ABSTRACT

Sixty years ago, in Britain, my Father, like many others living in the country, competed in growing the biggest marrow. Naughty children would sometimes surreptitiously carve their initials, or a rude word, on the immature vegetable, and watch it all grow. We would also carve our names on our school desks, on the bark of trees, or on the soft sandstone surface of rocky outcrops. Waiting at the bus stop after school we would bore cupule-shaped holes in the sandstone wall with the large penny coins of the day. (In those days, ‘Penny please’ secured you a bus ride, and a ticket punched melodiously by a wonderful silver box worn on the conductor’s leather belt.) In public toilets we would wonder at the explicit messages and the crude anatomical drawings on the walls, some seemingly reminiscent of the ‘vulva’ symbols in rock shelters imputed, together with ancient cupule patterns, by archaeologists to fertility rites or other religious rituals.
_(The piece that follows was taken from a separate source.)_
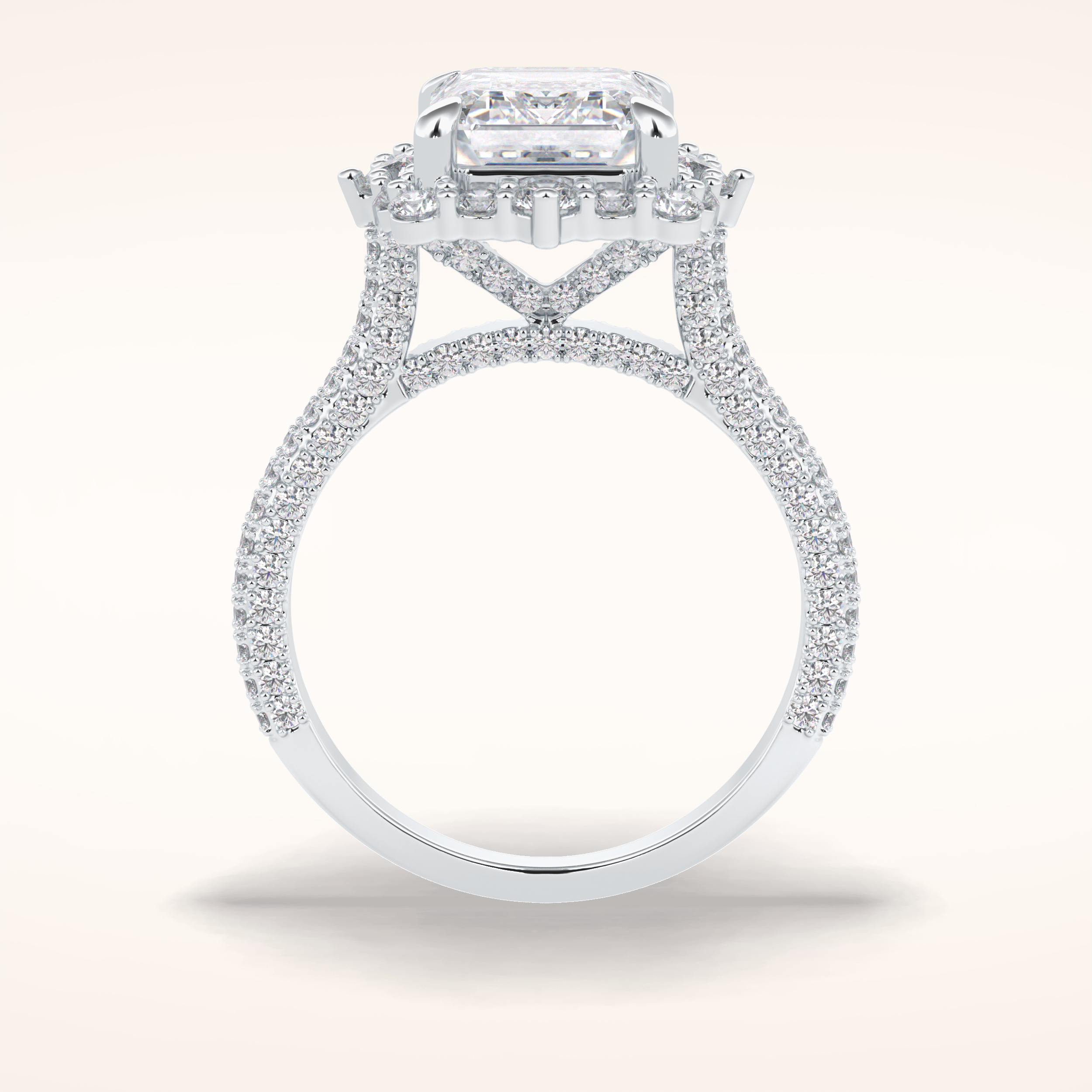3 CT Emerald Shaped Halo & Pave Moissanite Engagement Ring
So were these really vulval representations, or are we nowadays seriously missing the point, if they represented in fact something quite different, and we are simply seeing what we might nowadays expect to see on walls in public places? And if they really were crude vulval images, does that merely make them graffiti, maybe juvenilia by immature and hormonally challenged Palaeolithic adolescents? Can graffiti be considered in the context of art, any more than a ‘Kilroy was here’ message, or modern defacing ‘tags’ scrawled on buildings and signage?